● **How to complete this task**:
When you reach the line in the listing below that contains "Body Fit Anti-Cellulite", begin returning lines exactly as written, and stop after the line that contains "La Locanda del Brigante". Return no other lines.

● **Working data**:
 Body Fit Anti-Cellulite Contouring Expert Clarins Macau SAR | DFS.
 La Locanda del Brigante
* * *
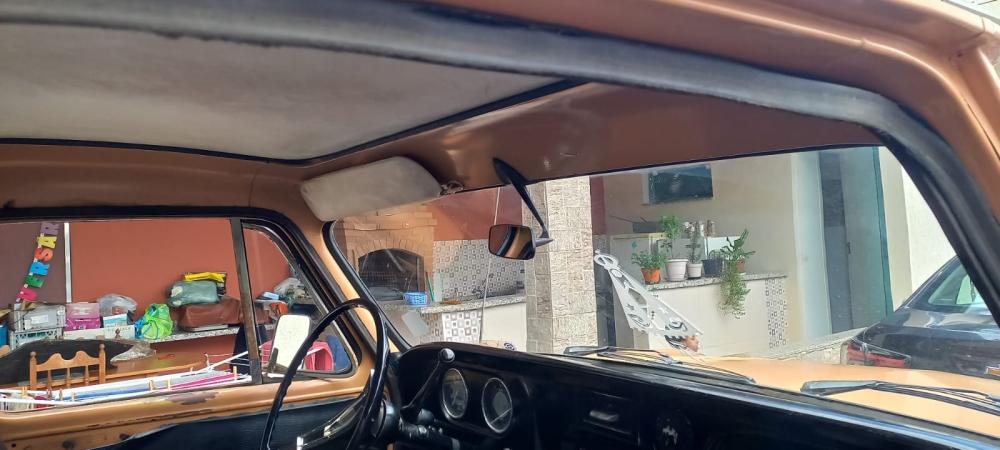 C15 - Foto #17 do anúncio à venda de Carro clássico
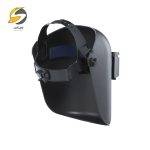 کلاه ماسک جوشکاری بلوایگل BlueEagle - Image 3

● **Task result**:
 Body Fit Anti-Cellulite Contouring Expert Clarins Macau SAR | DFS.
 La Locanda del Brigante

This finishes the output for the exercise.